A U.S.-brokered ceasefire followed in 1997. Western diplomats said they
had warned the feuding Kurds they would not come to their aid if they
persisted in their internecine war. "Now we have no war, we have peace
in Kurdistan. This will not give any pretext for the (Iraqi) regime
to
attack
us," said Talabani during his visit to Turkey, which hosts the
U.S.-British
Operation Northern Watch air patrols.
He said Shi'ite rebels in the south of Iraq would also seize the
opportunity of unrest in the Kurdish areas to step up their struggle
against the Iraqi government. "Also I think the morale of the Iraqi
army is
not so high as to use it in a such a risky adventure," he said.
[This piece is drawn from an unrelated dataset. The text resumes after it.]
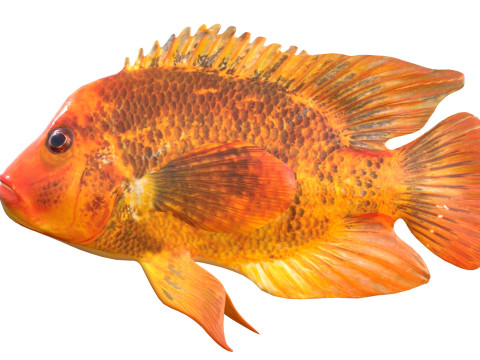 Pesci ciclidi di Mida Modello 3D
Talabani criticised Washington. "I don't think the Americans have a
plan
to remove Saddam," he said. "There is no plan. The Americans want to
see Saddam Hussein ousted, but they have no plan to implement it, so
how can they ask the Kurds to participate in it?"
Instead, the greying Talabani, who has championed Kurdish nationalism
since the 1960s, said the Iraqi government would collapse from within.
"We don't think the Iraqi regime is ready for any kind of democratic
change," he said.
"They are still continuing their dictatorship, they are still
continuing their
ethnic cleansing policies towards the Kurds and Turcomans." "I think
there a lot of problems facing the regime and a lot of contradictions,
and
because the regime cannot solve these problems and contradictions,
the
regime will collapse."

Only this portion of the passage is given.